世界の鍋料理 ~韓国篇~
2016/10/14
日本だけではなく世界中のさまざまな国に、ひとつの鍋を囲んで食事を楽しむという文化があります。他の国の人たちは、どんな食材を使って、どんなスタイルで鍋料理を味わっているのでしょうか。国や地域の特色が見られる鍋料理を求めて、世界をめぐる旅を始めましょう。今回のテーマは、韓国です。

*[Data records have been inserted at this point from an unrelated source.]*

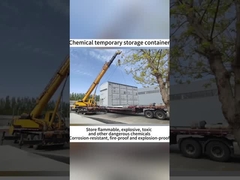 Che tipo di contenitori sono adatti per conservare sostanze chimiche infiammabili ed esplosive?*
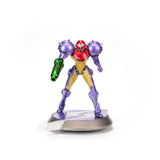 First 4 Figures Metroid Metroid Prime Samus Gravity Suit Standard Edition Statue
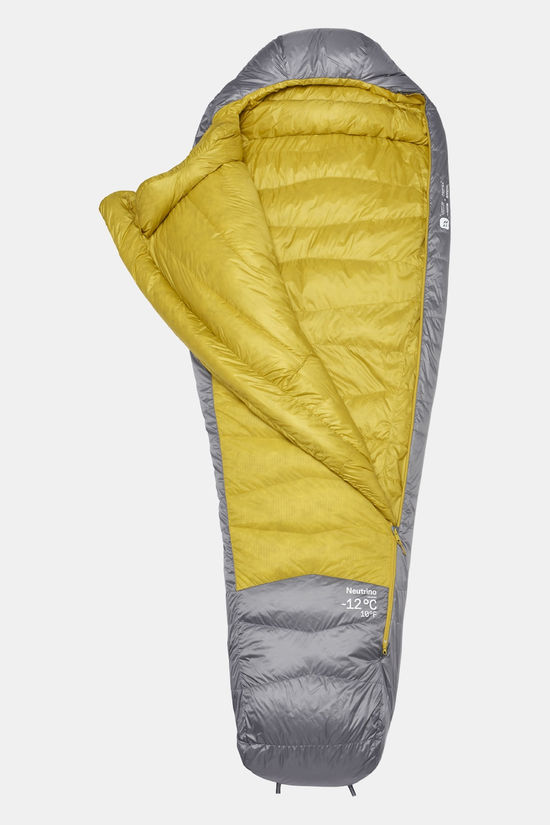 Rab Neutrino -12C / 10F Slaapzak Dames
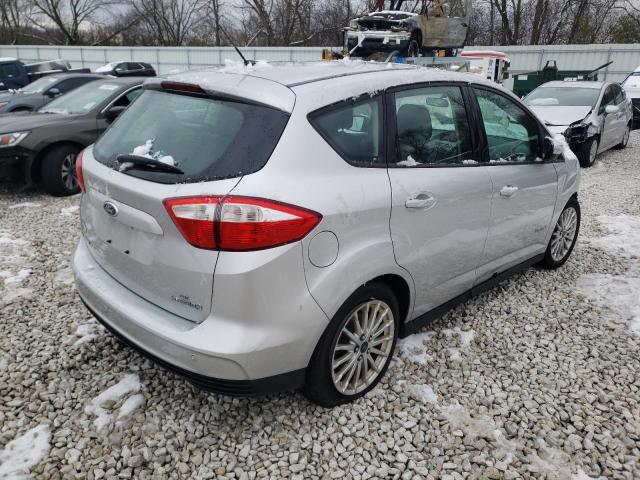 Photo 3 from auction – 2013 FORD C-MAX SE with VIN 1FADP5AU4DL538562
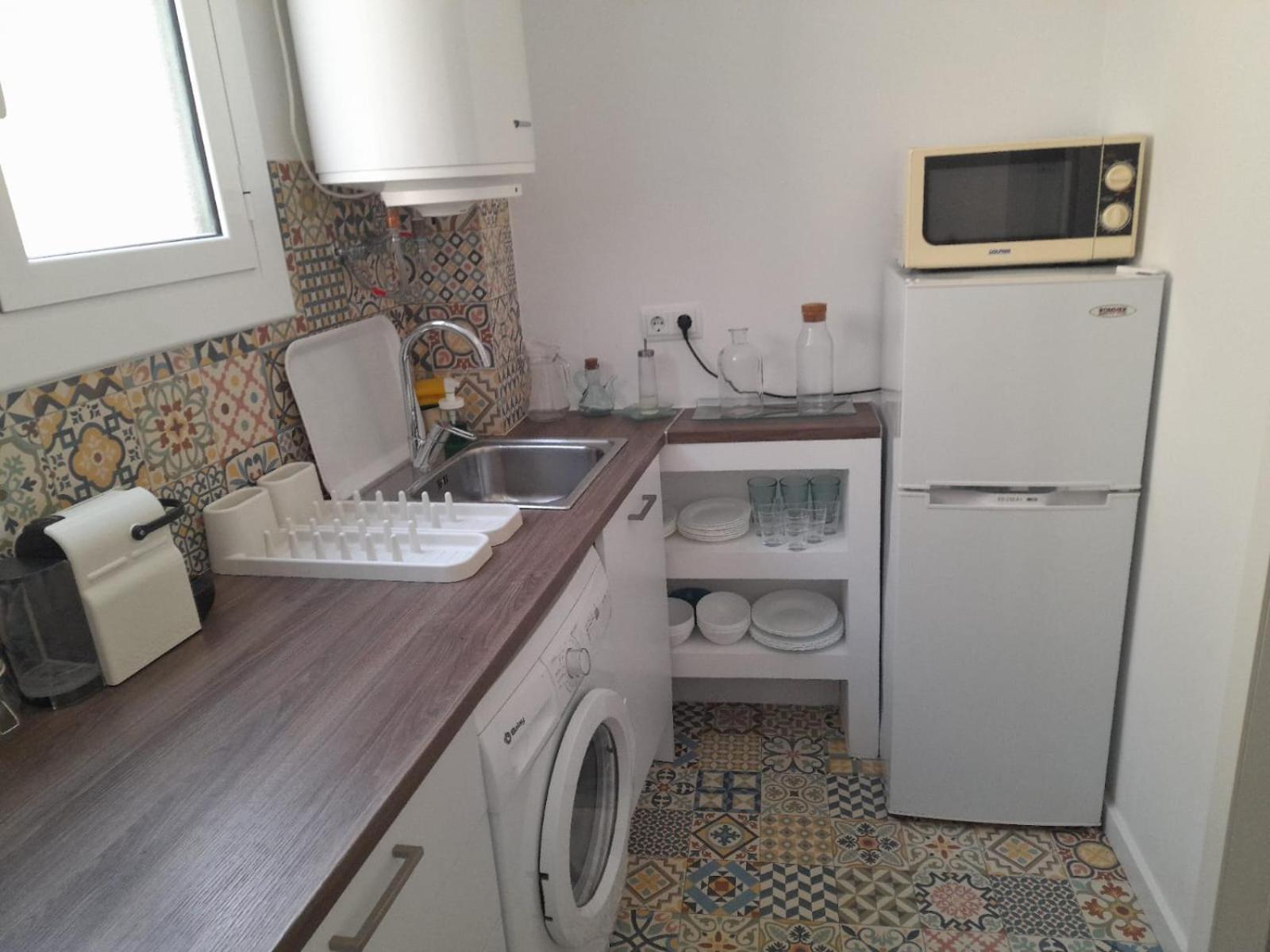1 Casual Apartments Barcelona Zewnętrze zdjęcie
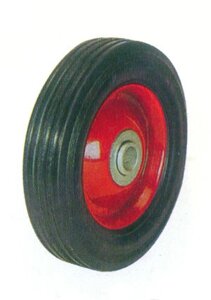 Колесо лите на сталевому диску 153 мм, SR 1102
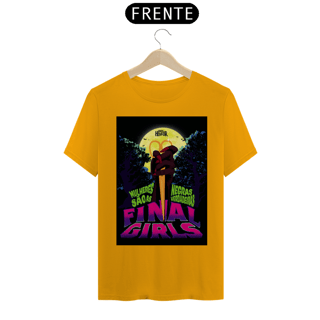 Nome do produto Raízes do Horror - Final Girls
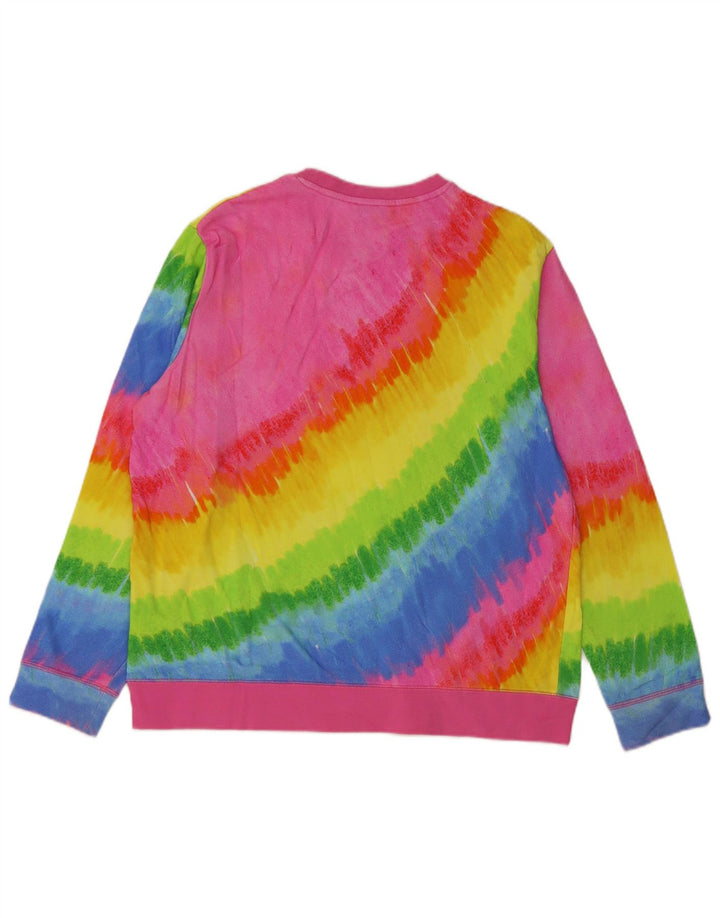 STELLA MCCARTNEY Pulover za djevojčice 14-15 godina Višebojni Tie Dye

韓国の食事には汁物が欠かせないため、汁物料理の種類がたくさんあります。汁物料理は、スープと鍋に大別され、「クッ」と「タン」はスープ類、「チゲ」と「チョンゴル」は鍋料理とされています。「クッ」と「タン」に明確な違いはないようですが、「タン」は動物性の食材をじっくり煮込んだ料理が多いようです。「チゲ」は具材が多く、煮込んだものを熱々の状態で食卓に運びます。「チョンゴル」は、材料を卓上で加えて調理しながら食べる、すき焼きのような料理です。
それでは、韓国の鍋料理を見てみましょう。
キムチチゲ
家庭でも食堂でも、もっともポピュラーな「チゲ(鍋)」です。韓国の食卓に欠かせないキムチと、野菜や豚肉などを入れますが、家庭料理なら冷蔵庫にあるものでOK。キムチは酸っぱくなった"古漬け"が好まれるそうです。ツナを入れたチャムチキムチチゲ、サンマを入れたコンチキムチチゲなどバラエティも豊富です。
プデチゲ
漢字で書くと「部隊チゲ」。戦地で兵隊たちがソーセージやウィンナー、コンビーフなどを入れて、辛いチゲを作ったことから「部隊」の名が付き、広まったそうです。米軍基地が近いソウル郊外の議政府(ウィジョンブ)がその発祥地と言われています。インスタントラーメンの麺、餅、春雨、豆腐、野菜が入るのでボリューム満点。
スンドゥブチゲ
日本の汲み上げ豆腐のように柔らかい豆腐を使います。漢字では「純豆腐」。あさり、かきなどの海産物や豚肉でだしを取るので、コクのある味わいが魅力。グツグツと煮立ったところに生卵を落として食べると、辛さとマイルドな味わいが渾然一体となって、さらにおいしく。日本にも専門店のチェーンがあり、独自のアレンジも増えています。
セゴギチョンゴル
チョンゴルは「韓国風すき焼き」とも呼ばれ、浅めの鍋に彩りよく材料を並べ、スープを注いで卓上で煮ながら食べます。セゴギ(牛肉)チョンゴルは、まさに韓国のすき焼きです。このほか、木綿豆腐や、手長だこなどの魚介、牛もつ、などのバリエーションもいろいろ。味付けは、コチュジャンをベースにした辛い物と、しょうゆベースの辛くない物があります。
カムジャタン
骨付きの豚肉を長時間煮込んだスープに粉唐辛子とごま、にんにくでスープを作り、ねぎやエゴマの葉、じゃがいも(カムジャ)を入れて煮ます。大きな骨のまわりについた肉と、スープのしみ込んだじゃがいもを味わう、ボリューム満点の鍋料理です。シメは残りの汁でご飯を炒める焼き飯(ポックンパッ)が定番だということです。